Time series data is a set of observations collected through repeated measurements over time. Plotting the points on a graph, one of our axes would always be time. Time series data is everywhere since time is a constituent of everything observable. As the world advances every day with technology, sensors and systems constantly produce a relentless stream of time series data. Data of this nature has numerous applications across a variety of industries. Time series data is data that is observed at different points in time.

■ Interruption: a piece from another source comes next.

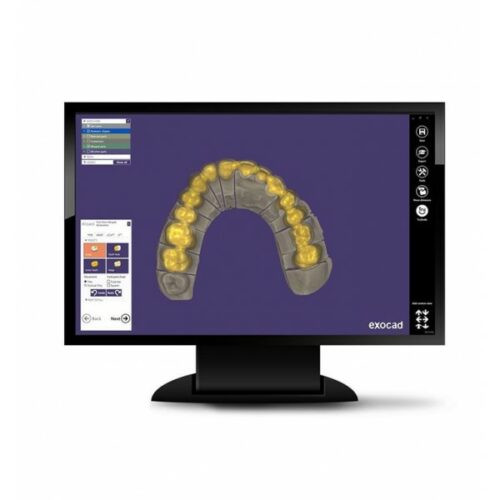 Bretagne Service Dentaire Materiel Dentaire Rennes Exocad Software 2058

This is opposite to cross-sectional data, which observes individuals, companies, etc., at a single point in time. Time-series databases are highly popular and provide a wide spectrum of numerous applications such as stock market analysis, economic and sales forecasting, budget analysis, to name a few. They are also useful for studying natural phenomena like atmospheric pressure, temperature, wind speeds, earthquakes, and medical prediction for treatment. An observed time series can be decomposed into three main components: the trend i.e the long cycle, the seasonal systematic or calendar related movements, and the irregular unsystematic or short term fluctuations. To find insights from these components, time series analysis can be made use of.
Time Series Analysis finds hidden patterns and helps obtain useful insights from the time series data. Time Series Analysis is useful in predicting future values or detecting anomalies from the data. Such analysis typically requires many data points to be present in the dataset to ensure consistency and reliability. An extensive data set ensures that you have a representative sample size and that the analysis performed can cut through the noisy data. It helps organizations understand what the underlying causes of trends or systemic patterns detected over time are. Using data visualization, better and interpretable insights can be found that can show seasonal trends and help dig deeper into why these trends occur.

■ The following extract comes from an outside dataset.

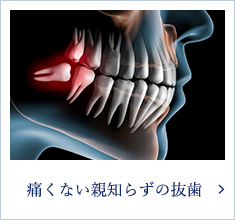 痛くない親知らずの抜歯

The different types of models and analyses that can be created through time series analysis are:
- Classification: To Identify and assign categories to the data.
- Curve fitting: Plot the data along a curve and study the relationships of variables present within the data.
- Descriptive analysis: Help Identify certain patterns in time-series data such as trends, cycles, or seasonal variation.
- Explanative analysis: To understand the data and its relationships, the dependent features, and cause and effect and its tradeoff.
- Exploratory analysis: Describe and focus on the main characteristics of the time series data, usually in a visual format.
- Forecasting: Predicting future data based on historical trends. Using the historical data as a model for future data and predicting scenarios that could happen along with the future plot points.
- Intervention analysis: The Study of how an event can change the data.
- Segmentation: Splitting the data into segments to discover the underlying properties from the source information.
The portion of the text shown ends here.